Btw, I got this rod from Baran013 at a better price than I could find anywhere. If you are interested in one, send him a PM. He has a good source for them. I admire that he respects the non commercial theme of these boards and doesn't try to take advantage of them by advertising here.


----------



## longcaster (Oct 3, 2000)

*Hi "rocknwine",*

How have you been? How is your son? It sounds like you are continuing to improve. I hope to see you both, soon!


----------



## OldBay (May 15, 2003)

*Sweet Spot*

How many ounces does the 12' Solaris like to throw the best? I was casting my 12' Tica this weekend and it seemed to like 8 oz pretty well. Actually felt better with 8 than it does with 6.


----------



## Hat80 (Sep 22, 2002)

*Hey Oldbay,*

The 12' Solaris realy likes 4 to 6 oz's. IMO the Solaris rods smoke the Ticas. The old Ticas are great rods but now that they have done away with the Fuji guides and reel seats there [email protected]


----------



## OldBay (May 15, 2003)

*YouDaMan*

Thanks,

Good thing I have a b-day coming up. I think another rod will soon be added to the quiver.


----------



## Hat80 (Sep 22, 2002)

*I have*

four of them now. Two 12's a 10 and a 8'er for plugs. There great rods, I luv um! .....Tightlines


----------



## murphman (Sep 4, 2003)

*Solaris*

I have three now : a 12' , 10', and 8' ....really like the performance, quality, and price. The eight works out nicely for inlet and calm surf plugging and comes in handy from the pier.


----------



## Wrong Way (May 29, 2003)

Haha, now I can finally join the Solaris rod club. Me and my bros got one 12' and two 10's spinning. I'm waiting on the delivery of my 11' casting one to come in anyday now  It's silly cause I've never even used one yet. All purchased during this off-season.


----------



## ReelinRod (May 29, 2003)

I just, and I mean _just_ unpacked the 12 foot conventional for my 525MAG T and a 9 footer for my 13 yo son that will wear a 6500C3.

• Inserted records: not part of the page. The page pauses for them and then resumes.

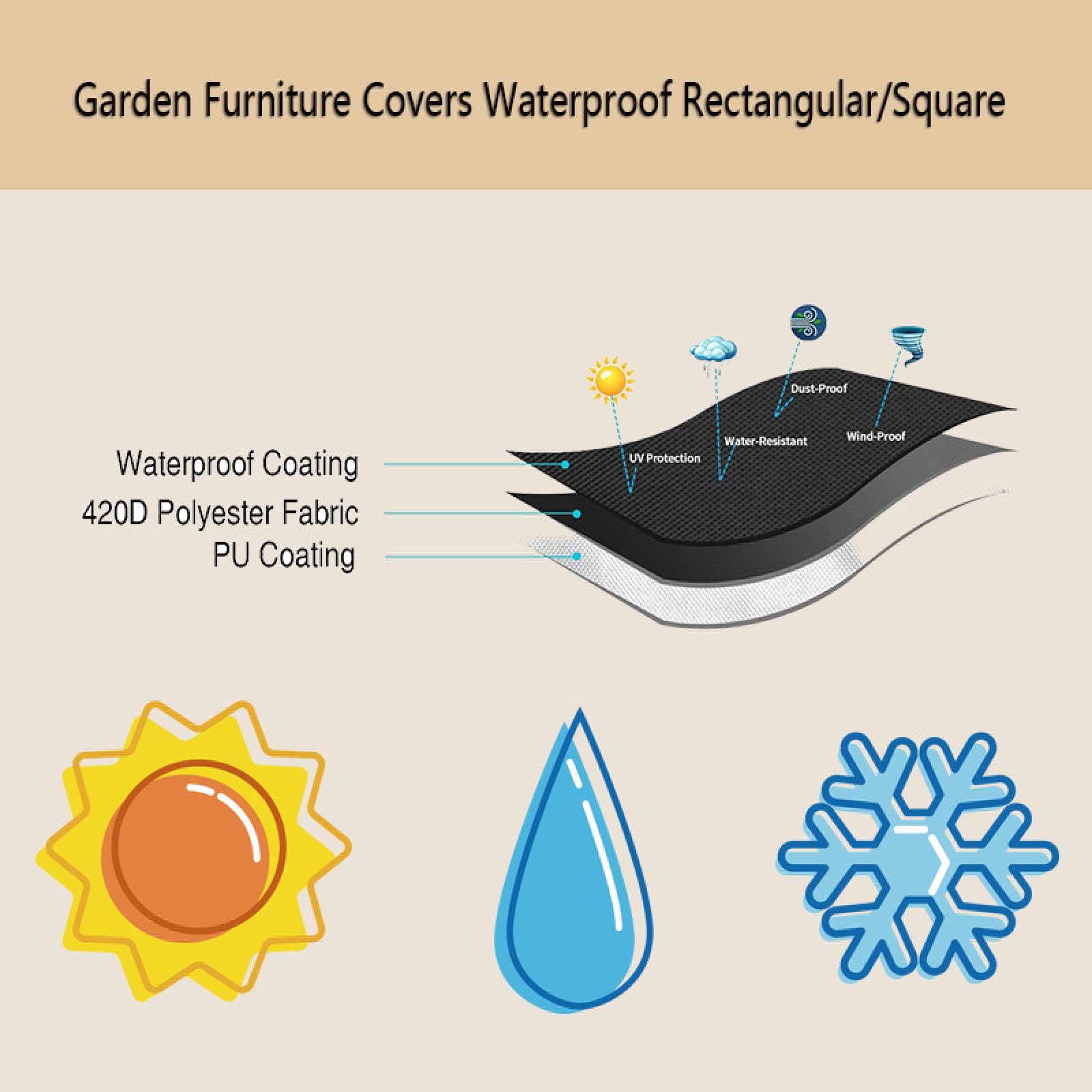 Copertura Per Mobili Da Giardino HOLEILUCK – 320x200x84 Cm, Tessuto 420D, Impermeabile E Anti-UV
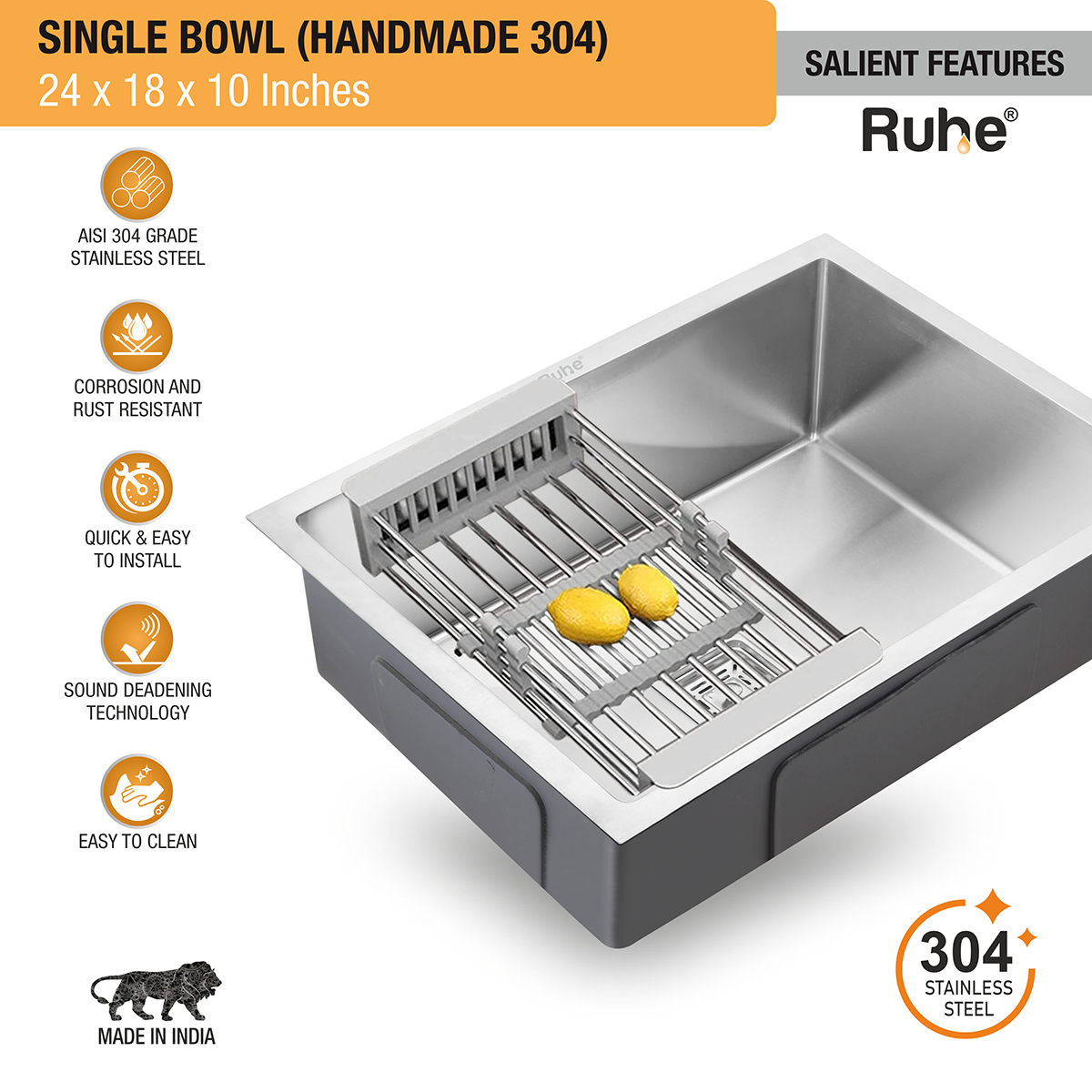 Handmade Single Bowl 304-Grade Kitchen Sink (24 x 18 x 10 Inches) features and benefits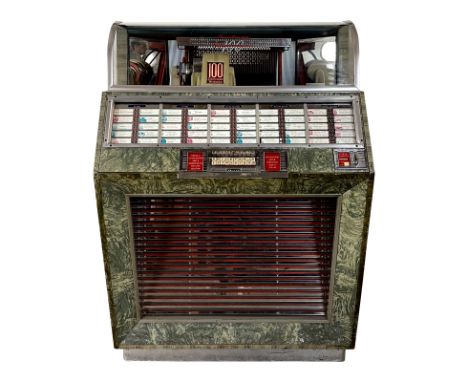 1949-1951 Seeburg M100A Jukebox. 100 selection jukebox playing 78 RPM records. It comes with 50 records. The jukebox isn't fu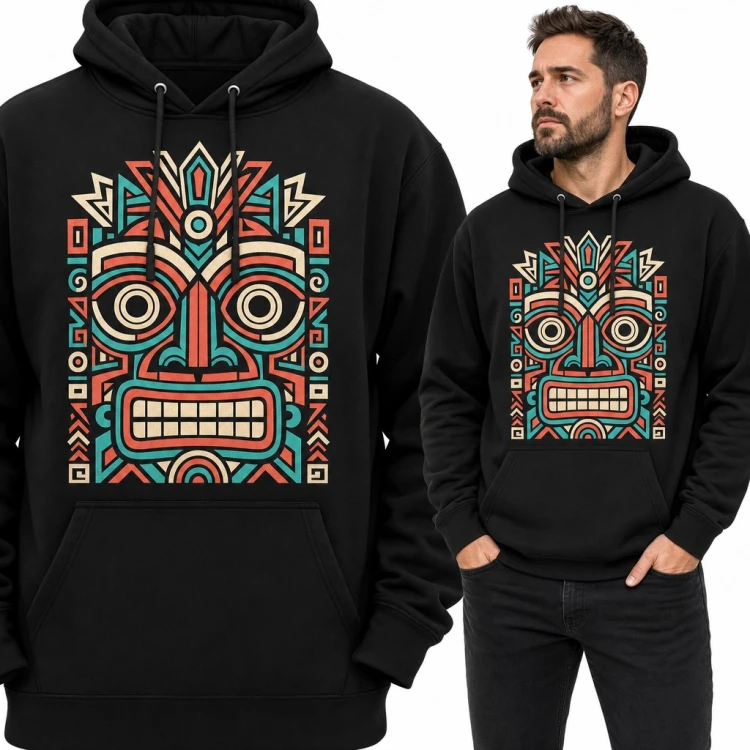 Bluza męska z kapturem - geometryczna maska tiki w stylu plemiennym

This was a purchase sight unseen; the talk about them here and elsewhere made my decision. I have St. Croix, Breakaway and Loomis and I am impressed with the fit finish and components of the Okuma's. I'll be throwing the 12 footer in about 2 hrs.


----------



## SALTSHAKER (Dec 5, 2002)

*Hey Sarge*

Let me know how you like that 12' caster Solaris. I have the spinner in the 12 and have been waiting to see one of the casting models....salt


----------



## mapcaster (Nov 23, 2003)

*I have four Solaris rods now*

all spinning. I picked up a 12' with the group buy here on the board. I then picked up a 10' and two 9' (one 1-4 oz., other 3-6 oz.) on e-bay for $130 for all three including shipping. I have not even removed the tags on 9' rods yet. Still looking for reels for them. I have been out practicing with the 12' and 10' a couple times and like them alot. I have no style or form yet but I'm hitting 90 yards most cast. Never casting this much weight in the past I don't have much to compare to but I like the way they feel. 
I picked up a never used 12' OM on ebay a couple weeks ago but not yet tried it out to compare. Maybe will get a chance next week. Too much work and not enough fishing in my life right now. 
6 new rods in 4 months, hope my wife doesn't go to the storage unit. (The sixth is 18' surf rod from Eourpe that was an impulse ebay buy)


----------



## ReelinRod (May 29, 2003)

*SALTSKAKER*

I like the rod; it's going to take me a little time to adjust my timing, I moved from a 10' St. Croix that worked like an extension of my arm, into this rod. I was throwing 5 with it but over water and with people around so distance was deceiving and I couldn't seriously get into it. 

If I don't go fishing tomorrow I'll take it to the field and do some measured comparisons and play with weight. I'll post again tomorrow afternoon.


----------



## SALTSHAKER (Dec 5, 2002)

*Thanks Sarge*

I have the spinner and love it, I am interested in your opinion of the rod. Thanks for the info


----------



## Wrong Way (May 29, 2003)

Wow mapcaster, you sure do have spring fever. Hope you get lucky on the water after buying all that gear during the off season. Seems like you got a good price on all of them.


----------